İlk programda, eserlerine yer verdiğim sanatçı, büyük usta, halk ozanı Aşık Veysel Şatıroğlu.
Tonmaister arkadaşımın yardımı ile, açılış anonsumu yaptıktan, radyonun adını ve telefonunu dinleyicilere verdikten sonra programa “Benim sadık yârim kara topraktır” türküsü ile başladım.
Tonmaister, canlı yayın için telefonda birinin, programa katılmak istediğini işaret etti. Türkü biter bitmez konuğumu canlı yayına aldım. Konuğum kendini tanıttı ”Ben Aşık Veysel'in kızı, Menekşe Şatıroğlu Süzer”
Bir anda tonmaister arkadaşımla göz göze geldik. Bu benim için çok büyük bir mutluluktu, hem de ilk radyo programımda. Çok değerli ozanımızın kızı telefonun diğer ucundaydı.
Menekşe hanım, ozanımıza(babasına) programda yer verdiğim için teşekkürlerini iletti, yeni kuşakların bu değerli ozanı tanıması konusunda öncülük ettiğim için, çok güzel iltifatları birbiri ardına sıraladı. İlk radyo programıma büyük bir moral ile devam ettim.
Aşık Veysel Şatıroğlu'nun bire bir tanımadım, ama her zaman sesi ve sazı ile evimizin baş konuğu oldu. Bu yüzden, kendimi çok şanslı hissediyorum.
Benim gibi birçok insanın büyük ozanımızla hikayesi muhakkak olmuştur.
Şanslı kişilerden bir diğer kişi ise yıllar önce 1970’li yıllarda, gazeteci, yazar, Ahmet Özdemir olur.
“Yıl 1970, mevsim Sonbahar. Aşık Veysel, Ümit Yaşar Oğuzcan'ın misafiri olarak İstanbul'a gelir. Bazı rahatsızlıkları ile ilgili çeşitli doktorlara gitmektedir. Aşık Veysel, Sirkeci'de küflü, nemli Eskişehir Otelinde kalmaktadır.

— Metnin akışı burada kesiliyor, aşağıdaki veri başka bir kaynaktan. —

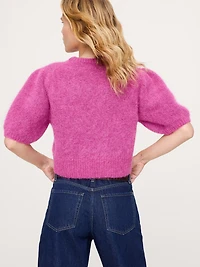 Fuzzy Alpaca-Blend Puff-Sleeve Sweater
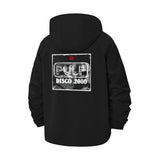 Retro Disco Graphic Unisex Full-Zip Printed Waterproof Hooded Windbreaker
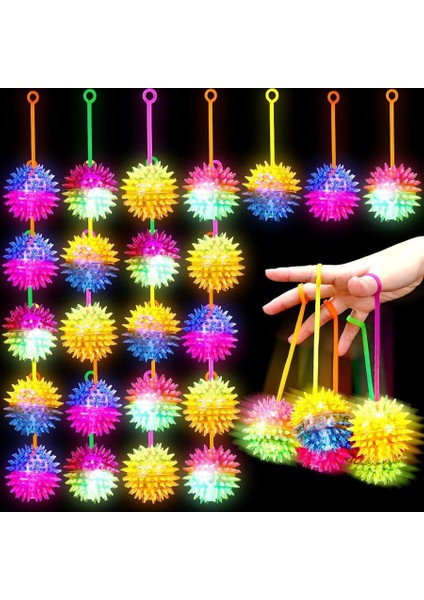 4 Pcs Flashıng Spıky Light Ball 4 Adet Sesli LED Işıklı Kirpi Yoyo Top Oyuncak Pilli Işık fırsatları
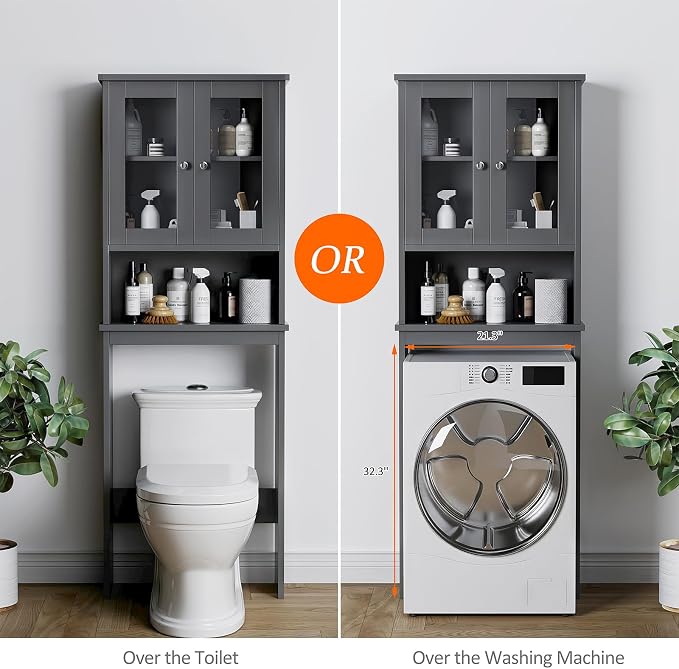 Over the Toilet Storage Cabinet, Bathroom Storage Cabinet Over Toilet, Space Saver with 2 Tempered Glass Doors, Grey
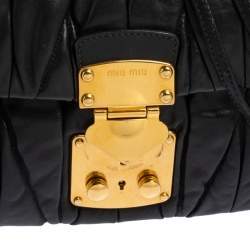 Pre Owned Miu Mu Black Matelassé Leather Flap Shoulder Bag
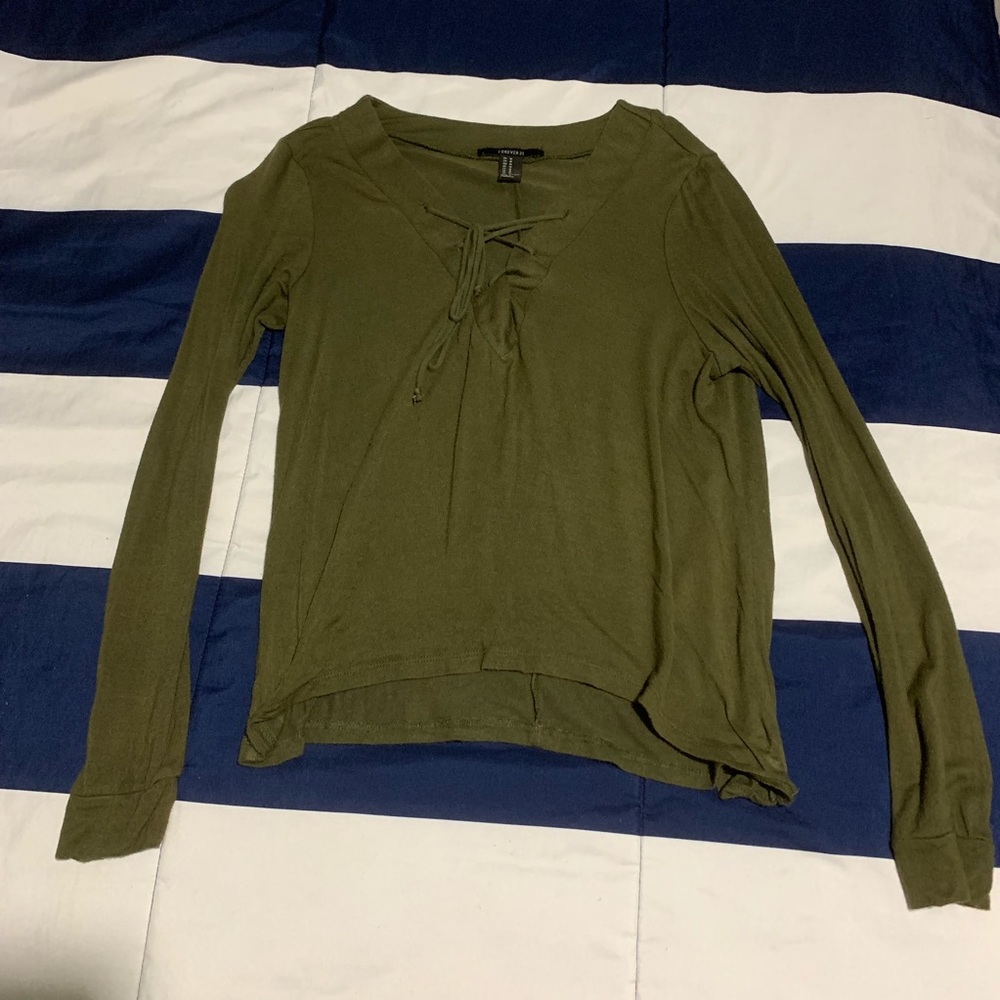 Forever 21 Olive Green Long Sleeve Top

Değerli Gazeteci-Yazar Ahmet Özdemir'in çalıştığı gazeteye, sosyete çocuklarının okuduğu ünlü bir kolejin müdüründen telefon gelir. Müdür Bey, bazı öğrencilerinin Aşık Veysel ile tanışmak istediğini söyler. Çocuklar gelir, Ahmet Ağabeyi bulurlar.
Ahmet Ağabey, onları otele götürürken yolda sorar; " Âşık Veysel 'i nerden tanıyorsunuz? " diye.
Çocuklar; "Fikret Kızılok, Hümeyra vb sanatçıların eserlerinden" diye cevap verirler.
Hepsi, sosyete çocukları olan gençler, önce kaldığı otel, ardından da üstünü başını görünce büyük bir şaşkınlık yaşarlar. Gelirken, müdürleri onlara örf adet de öğretmiştir. Kendi aralarında topladıkları para ile bir cumhuriyet altını almışlardır. Altını, yatağının üstünde duran Aşık Veysel'in sazına takarlar.
Aşık Veysel, " Çocuklar, ben de size bir hediye vermek istiyorum" der. Yanında duran oğlu Ahmet Şatıroğlu’ndan sazını ister.
" Sen bir ceylan olsan, bende bir avcı
Avlasam çöllerde saz ile seni
Bulunmaz dermanı ey yoktur ilacı
Vursam yaralasam söz ile seni..."
“Veysel der ismini koymam dilimden
Ayrı düştüm vatanımdan ilimden
Kuş olsan da kurtulmazdın elimden
Eğer görse idim göz ile seni”
Büyük ozanımıza AŞIK VEYSEL ŞATIROĞLU’na saygı ve sevgi ile daima sahip çıkmamız en büyük görevlerimiz arasında olmalı.